‘A Violent Night’ is the epitome of an awards season palette cleanser

Don’t sleep on a solid action film. “A Violent Night” doesn’t run long on story and won’t hear its name during awards shows, but that’s its job in the first place. This is the movie where you sit down with the drinks and snacks in your theater of choice, and proceed to set the brain to sleep mode while the screen serves up escapist entertainment.

Director Tommy Wirkola’s new Christmas B-side gift takes ridiculous carnage to another level, but it has a sly sense of humor to back up the punches and kicks. This is the movie where a grumpy Santa Claus (David Harbour, having some fun) throws a few pints down at a bar while cynically complaining about the modern world of technology and its wrath on nostalgia. He then steps in his reindeer’s shit, argues with another sleigh-pulling animal, and slides down a few chimneys tossing presents angrily into trees.

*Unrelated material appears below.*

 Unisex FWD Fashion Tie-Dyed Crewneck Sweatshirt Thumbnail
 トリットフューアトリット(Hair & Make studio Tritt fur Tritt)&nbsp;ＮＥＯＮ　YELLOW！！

Harbour’s bearded Saint has lost his jolly cheer, but there’s something about him we are drawn to.

When his route takes him to a large mansion stuffed with rich shitheads and dangerous gunmen (led by John Leguizamo) looking for $300 million stolen army money, things get interesting and bloody. Beverly D’Angelo, bless her ruthless soul, gets to channel her “Entourage” character here. She’s Gertrude Lightstone, the wealthy head of an estate that would make Elon Musk blush, and it’s her middling grown-up kids who are starting to reach for the vault password in mommy’s heart. D’Angelo makes that a heart of cold stone, and it’s a delight to see her tear characters apart with a roasting one-liner. Leguizamo’s men, posing as Santa’s mansion workshop crew, unleash hell and the movie kicks into action mode.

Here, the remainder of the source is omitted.